I need a new word or, even better, an old word that I don't know. This gets terribly meta (in a Hofstadter sense) and recursive, so I hope that this makes sense.
The word I need is one that describes a word that embodies a concept. So, for example, a mouse is a small furry rat, but in a lab somewhere, perhaps someone said something like:
"We have invented a pointing device that one holds in the palm of the hand, that is used to move objects around a virtual environment. We need a new [xxx]."
Some additional examples "Our product is installed on our user's machine to supply an obvious function, but generates revenue by serving ads. This is an example of [???],"
"Something that operates at the scale of between 1 to 100 billionth of a metre would be prefixed with [???]"

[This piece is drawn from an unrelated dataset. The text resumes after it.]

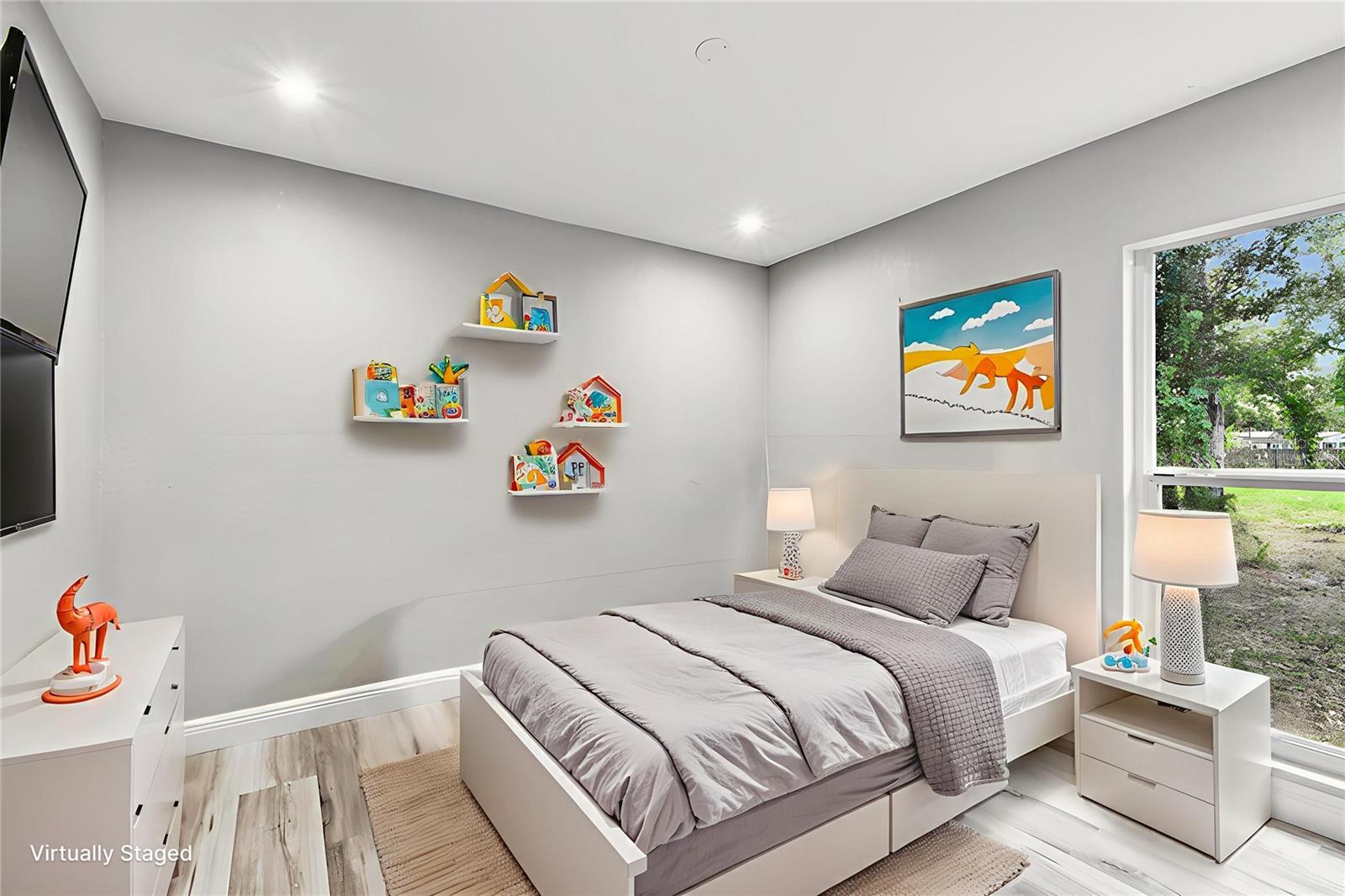 Image 28 of 45 For 6005 Lakeside Drive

The above examples (mouse, adware, nano-) are technology-oriented, but I'm not limiting my question to technology. So, for example, the unibrow describes eyebrows that join in the middle.
So, what do we call a word that wraps a series of ideas into one succinct word, allowing for efficient communication? What would this process be called? What I'm looking for is to complete the following sentence:
"This new development is crying out for a [xxx], to call it"
I have come up with the following list, but they really don't quite capture the concept:
- Jargon / colloquialism / idiom - very close and cover some of what I mean. However, jargon has a technical connotation, colloquialism has an informal connotation and idiom has a cultural connotation.
- Name - This might cover a new object, but would feel clumsy for a new process, function or idea.
- Noun - this limits it to a specific grammatical element. What about windsurf (a verb).
- Meme - this felt right, but doesn't quite cover it. So, for example, a mouse isn't a meme.
- Neologism - I really thought this was it, but it only covers the early part of the adoption cycle.
- Signifier, Denotata, sign - these is from linguistics and probably comes closest but I feel that it might have a specific technical usage and I cannot see them becoming common.
- Word - what's wrong with word? I felt that this is too general. I feel that we need another level of abstraction. This really hits at the meta element. What I'm looking for is a word to describe a word that encapsulates an idea. This word would be a specific instance of itself.
Staying with a theme, take an example of meta. Before Hofstadter developed the concept of meta, there was no way of describing "an X about X". Now that we have meta, we can say metaconcept (a concept about concepts), metaphilosophy, metadata and metamathematics. What I need is a metaword.